PROMPT | Only the text of the records below belongs in the answer, copied exactly, with pictures omitted.

Records from a data collection:
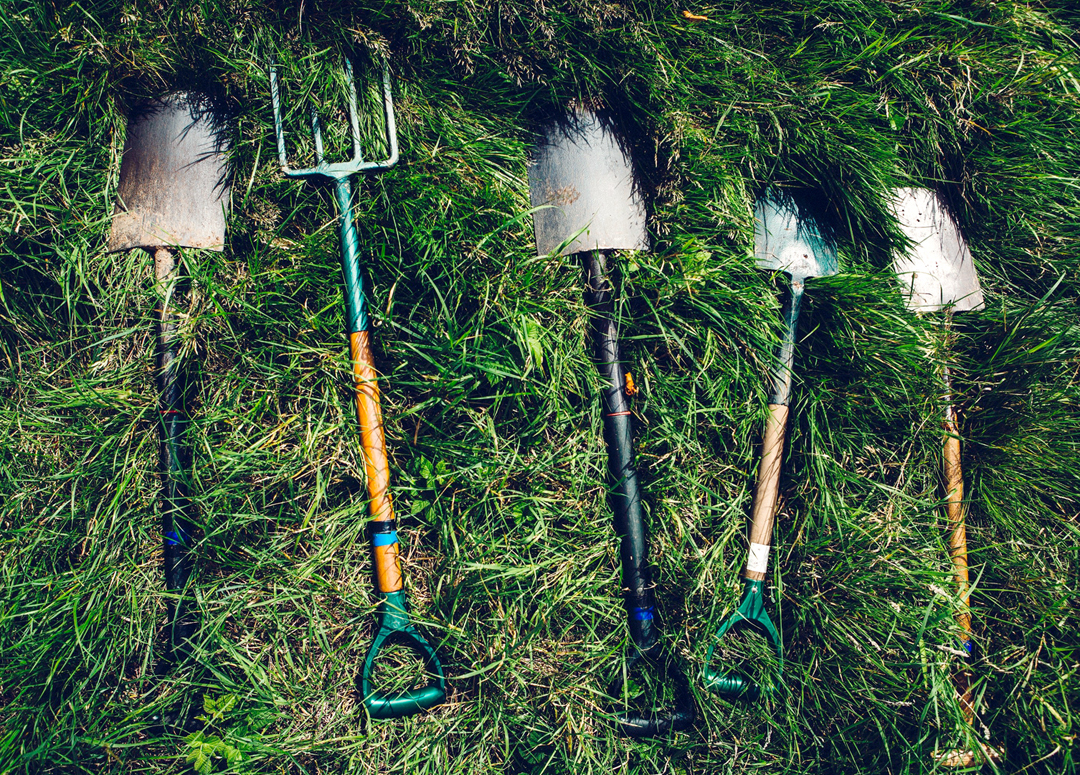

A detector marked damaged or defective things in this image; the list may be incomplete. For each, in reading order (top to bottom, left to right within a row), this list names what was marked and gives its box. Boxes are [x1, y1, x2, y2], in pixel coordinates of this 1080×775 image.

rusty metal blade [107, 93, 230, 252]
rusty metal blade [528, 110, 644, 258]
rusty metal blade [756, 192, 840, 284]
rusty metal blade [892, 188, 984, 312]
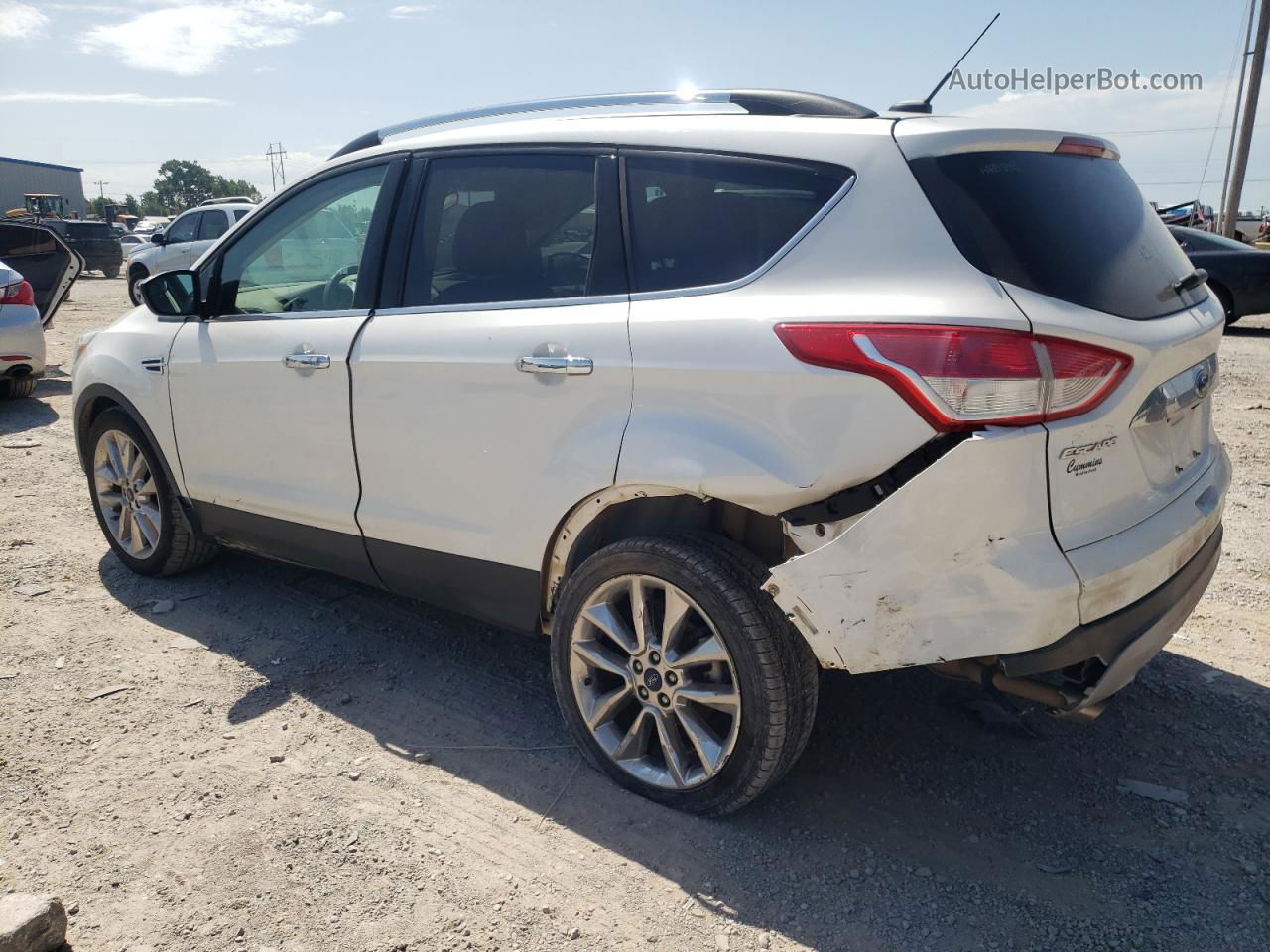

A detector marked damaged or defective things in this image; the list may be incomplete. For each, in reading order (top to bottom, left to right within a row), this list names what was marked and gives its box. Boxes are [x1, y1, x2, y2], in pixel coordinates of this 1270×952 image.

WRITTEN REPLY |
A detector marked damaged or defective things in this image; the list may be incomplete. For each, in reading order (top to bottom, left to right within a row), this list names what was marked and gives its box. Boxes are [x1, y1, x2, y2], in pixel coordinates of this 1080×775 image.

rusty metal blade [107, 93, 230, 252]
rusty metal blade [528, 110, 644, 258]
rusty metal blade [756, 192, 840, 284]
rusty metal blade [892, 188, 984, 312]

A detector marked damaged or defective things in this image; the list may be incomplete. For each, in reading order (top to bottom, left to right within a row), this list names what was marked and gives its box. Boxes are [x1, y1, x2, y2], in pixel coordinates of this 1270×952 image.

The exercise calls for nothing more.